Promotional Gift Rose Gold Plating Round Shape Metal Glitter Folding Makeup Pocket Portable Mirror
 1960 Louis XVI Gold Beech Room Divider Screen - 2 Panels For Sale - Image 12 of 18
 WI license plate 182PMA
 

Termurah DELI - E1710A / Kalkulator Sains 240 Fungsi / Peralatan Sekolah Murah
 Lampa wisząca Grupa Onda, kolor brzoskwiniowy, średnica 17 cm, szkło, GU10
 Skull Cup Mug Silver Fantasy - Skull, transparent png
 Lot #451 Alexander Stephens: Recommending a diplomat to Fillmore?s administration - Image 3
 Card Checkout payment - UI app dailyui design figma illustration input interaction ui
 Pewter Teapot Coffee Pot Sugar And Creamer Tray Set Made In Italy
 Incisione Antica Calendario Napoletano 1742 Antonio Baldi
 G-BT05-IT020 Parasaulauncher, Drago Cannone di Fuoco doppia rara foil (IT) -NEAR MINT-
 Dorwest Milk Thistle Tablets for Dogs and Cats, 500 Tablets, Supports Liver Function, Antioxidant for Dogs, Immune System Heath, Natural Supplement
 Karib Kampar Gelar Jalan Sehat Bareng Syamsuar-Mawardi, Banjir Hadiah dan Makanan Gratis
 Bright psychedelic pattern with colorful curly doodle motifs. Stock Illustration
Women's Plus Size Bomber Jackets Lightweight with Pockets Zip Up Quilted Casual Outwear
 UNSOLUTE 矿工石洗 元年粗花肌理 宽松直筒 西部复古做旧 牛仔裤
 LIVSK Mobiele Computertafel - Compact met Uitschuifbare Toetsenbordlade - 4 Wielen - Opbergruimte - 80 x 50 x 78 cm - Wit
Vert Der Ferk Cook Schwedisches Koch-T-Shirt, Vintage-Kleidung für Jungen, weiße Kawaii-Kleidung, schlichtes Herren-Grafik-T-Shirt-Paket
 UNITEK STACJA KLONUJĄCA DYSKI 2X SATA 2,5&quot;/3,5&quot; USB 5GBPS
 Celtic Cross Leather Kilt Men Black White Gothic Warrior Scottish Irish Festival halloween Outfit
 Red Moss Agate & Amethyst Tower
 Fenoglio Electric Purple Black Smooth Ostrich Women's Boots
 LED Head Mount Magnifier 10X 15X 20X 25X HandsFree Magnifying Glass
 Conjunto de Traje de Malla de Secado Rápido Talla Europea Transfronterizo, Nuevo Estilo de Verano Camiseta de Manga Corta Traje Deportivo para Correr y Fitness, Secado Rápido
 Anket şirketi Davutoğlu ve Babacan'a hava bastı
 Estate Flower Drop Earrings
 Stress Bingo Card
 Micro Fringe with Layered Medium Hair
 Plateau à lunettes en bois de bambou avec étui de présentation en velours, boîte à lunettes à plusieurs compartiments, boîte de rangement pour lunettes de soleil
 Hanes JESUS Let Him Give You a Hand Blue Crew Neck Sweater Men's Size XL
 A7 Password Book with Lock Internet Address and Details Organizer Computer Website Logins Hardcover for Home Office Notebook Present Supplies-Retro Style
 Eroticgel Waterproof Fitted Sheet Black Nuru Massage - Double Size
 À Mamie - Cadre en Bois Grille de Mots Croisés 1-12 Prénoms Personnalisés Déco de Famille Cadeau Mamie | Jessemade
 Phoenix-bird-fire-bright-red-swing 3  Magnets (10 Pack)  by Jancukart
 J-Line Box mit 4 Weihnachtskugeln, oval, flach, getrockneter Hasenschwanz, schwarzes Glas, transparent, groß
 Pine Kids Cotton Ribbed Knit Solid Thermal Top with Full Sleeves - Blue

========================================================================

YOUR ASSIGNMENT
Show each line of the material that includes the string "with" by copying it.

SOLUTION
 Bright psychedelic pattern with colorful curly doodle motifs. Stock Illustration
Women's Plus Size Bomber Jackets Lightweight with Pockets Zip Up Quilted Casual Outwear
 Micro Fringe with Layered Medium Hair
 A7 Password Book with Lock Internet Address and Details Organizer Computer Website Logins Hardcover for Home Office Notebook Present Supplies-Retro Style
 Pine Kids Cotton Ribbed Knit Solid Thermal Top with Full Sleeves - Blue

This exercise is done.